◆ **PROVIDED RECORDS**:
☆ ☆ ☆ ☆ ☆

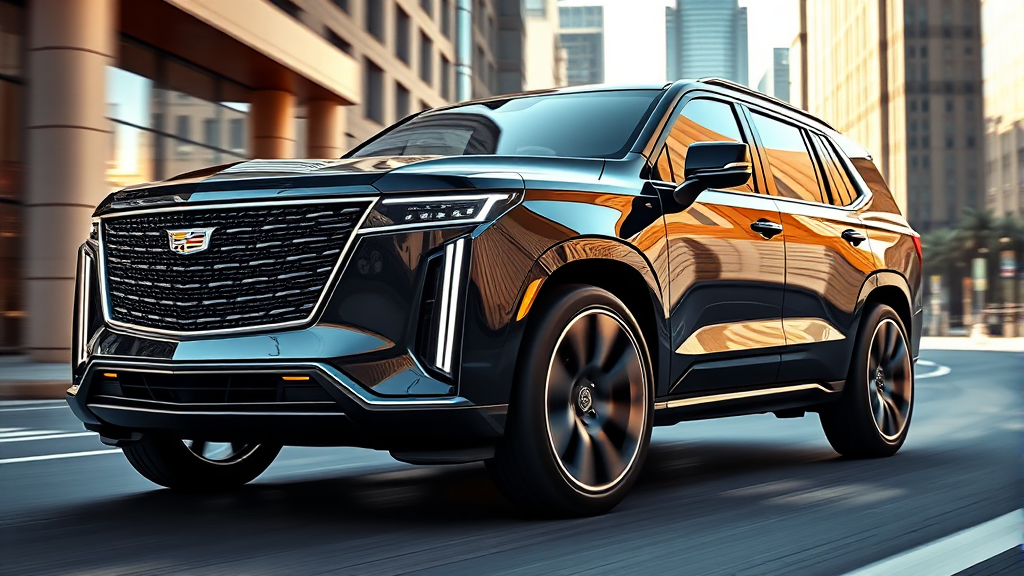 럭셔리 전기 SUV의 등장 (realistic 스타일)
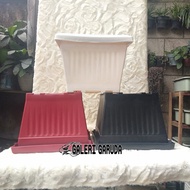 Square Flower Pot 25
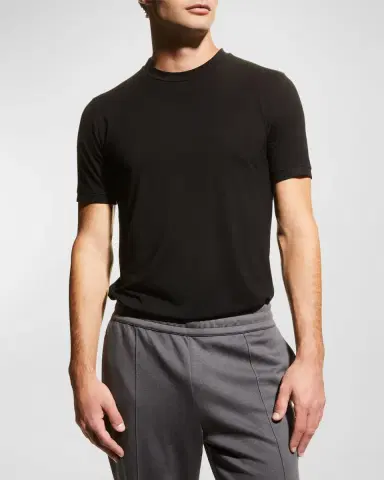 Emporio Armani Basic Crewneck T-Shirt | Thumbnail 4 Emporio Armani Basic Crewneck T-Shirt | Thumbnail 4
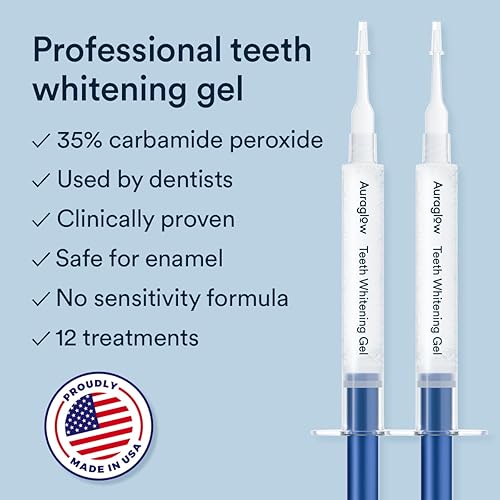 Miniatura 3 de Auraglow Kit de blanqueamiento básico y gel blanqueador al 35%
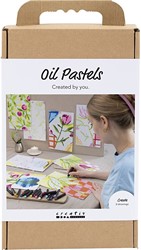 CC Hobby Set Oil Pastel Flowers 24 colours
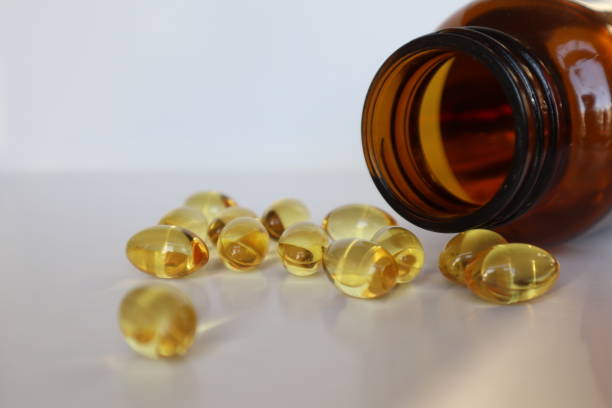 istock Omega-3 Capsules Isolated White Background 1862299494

☆ ☆ ☆ ☆ ☆

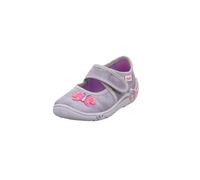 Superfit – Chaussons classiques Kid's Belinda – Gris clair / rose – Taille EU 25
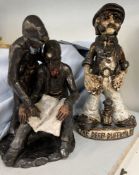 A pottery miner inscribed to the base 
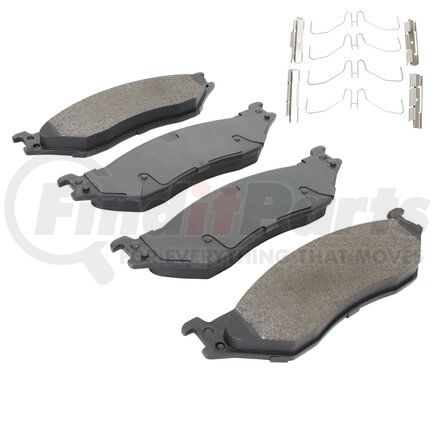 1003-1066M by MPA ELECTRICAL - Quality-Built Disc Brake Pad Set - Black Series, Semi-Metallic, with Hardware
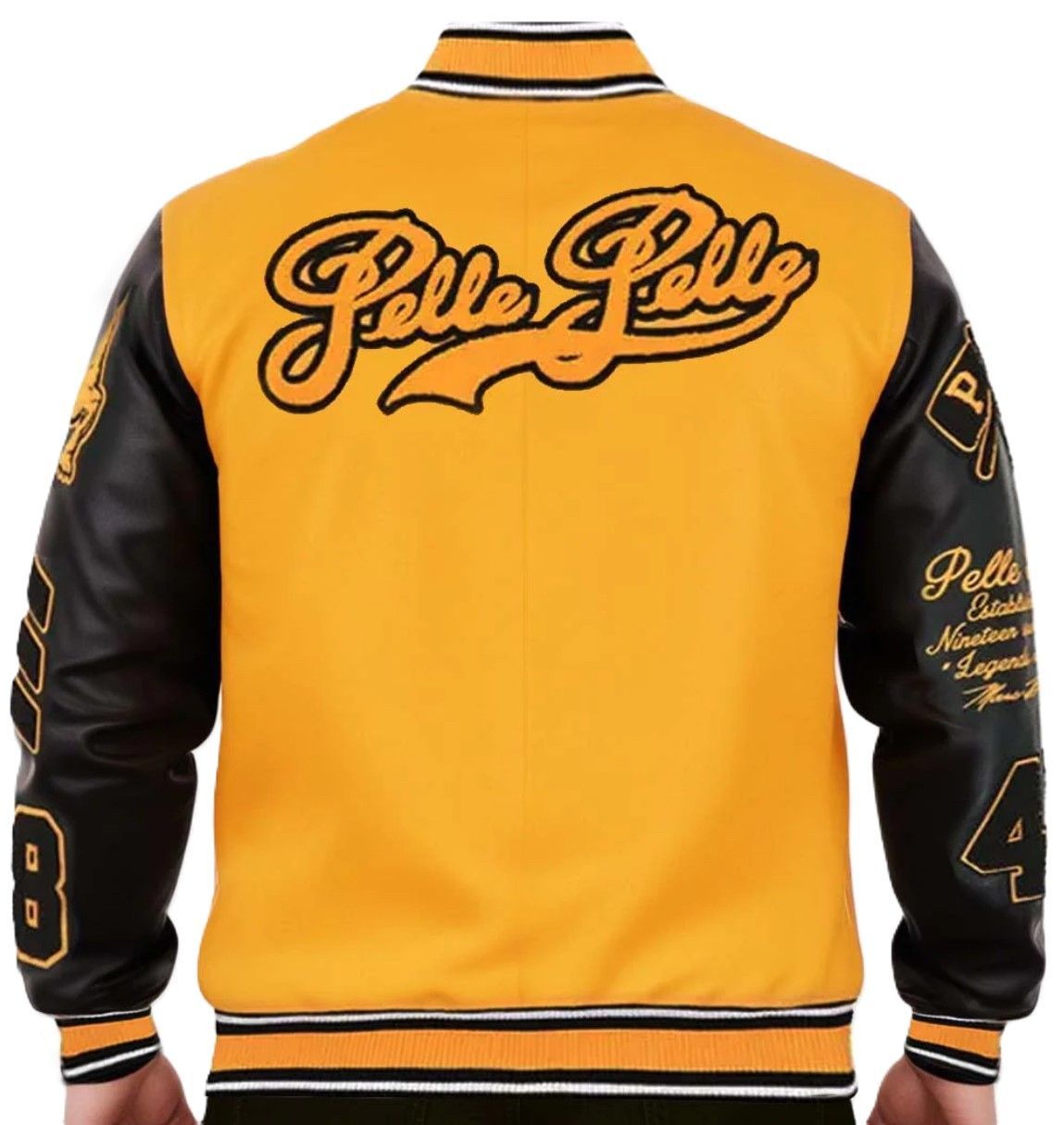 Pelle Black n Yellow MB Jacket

☆ ☆ ☆ ☆ ☆

◆ **TASK REQUIREMENTS**:
Nothing but the lines from the one with "럭셔리 전기 SUV의 등장 (realistic 스타일)" up to and including the one with "istock Omega-3 Capsules" should be printed, exactly as they read above. Please keep the pictures out.

◆ **WRITTEN ANSWER**:
 럭셔리 전기 SUV의 등장 (realistic 스타일)
 Square Flower Pot 25
 Emporio Armani Basic Crewneck T-Shirt | Thumbnail 4 Emporio Armani Basic Crewneck T-Shirt | Thumbnail 4
 Miniatura 3 de Auraglow Kit de blanqueamiento básico y gel blanqueador al 35%
 CC Hobby Set Oil Pastel Flowers 24 colours
 istock Omega-3 Capsules Isolated White Background 1862299494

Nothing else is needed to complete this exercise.